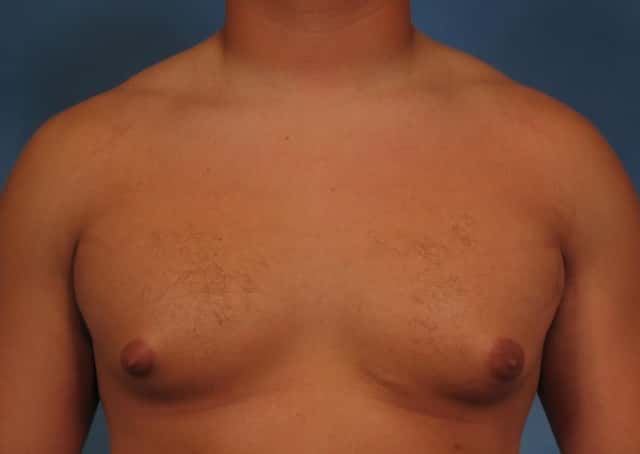 Liposuction Before & After Case 177 before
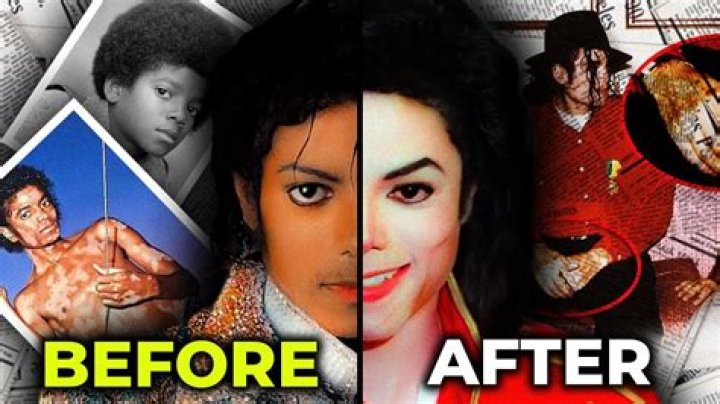 Why Did Michael Jackson Turn White: A Comprehensive Exploration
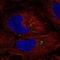 Insulin gene enhancer protein ISL-2 antibody, NBP2-57938, Novus Biologicals, Immunofluorescence image 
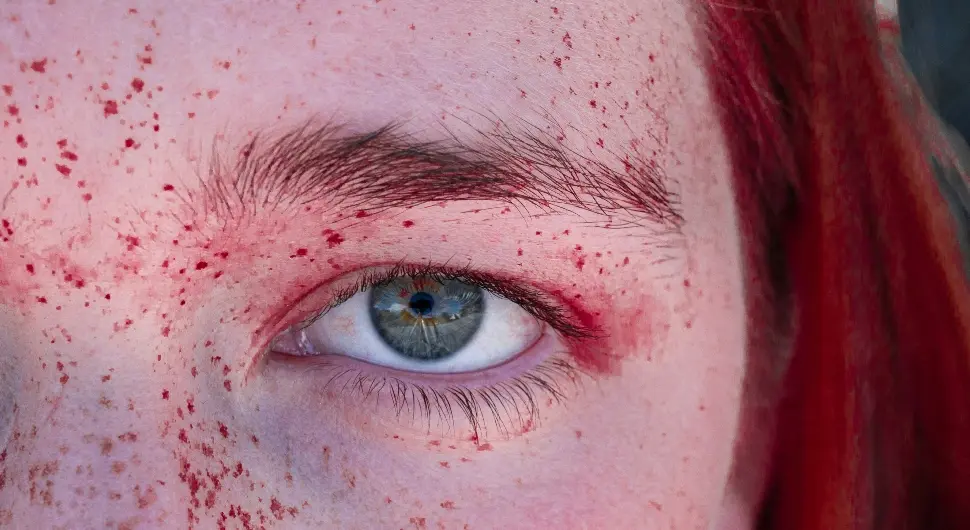 Тихи узрочник алергија: Никл се крије у омиљеном накиту и храни коју једете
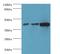 Protein Phosphatase Methylesterase 1 antibody, LS-C370145, Lifespan Biosciences, Western Blot image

******

*Task item*
Begin at the line containing "Тихи узрочник алергија: Никл" and restate exactly every line through the end of the material, skipping the pictures.

*Answer to this problem*
 Тихи узрочник алергија: Никл се крије у омиљеном накиту и храни коју једете
 Protein Phosphatase Methylesterase 1 antibody, LS-C370145, Lifespan Biosciences, Western Blot image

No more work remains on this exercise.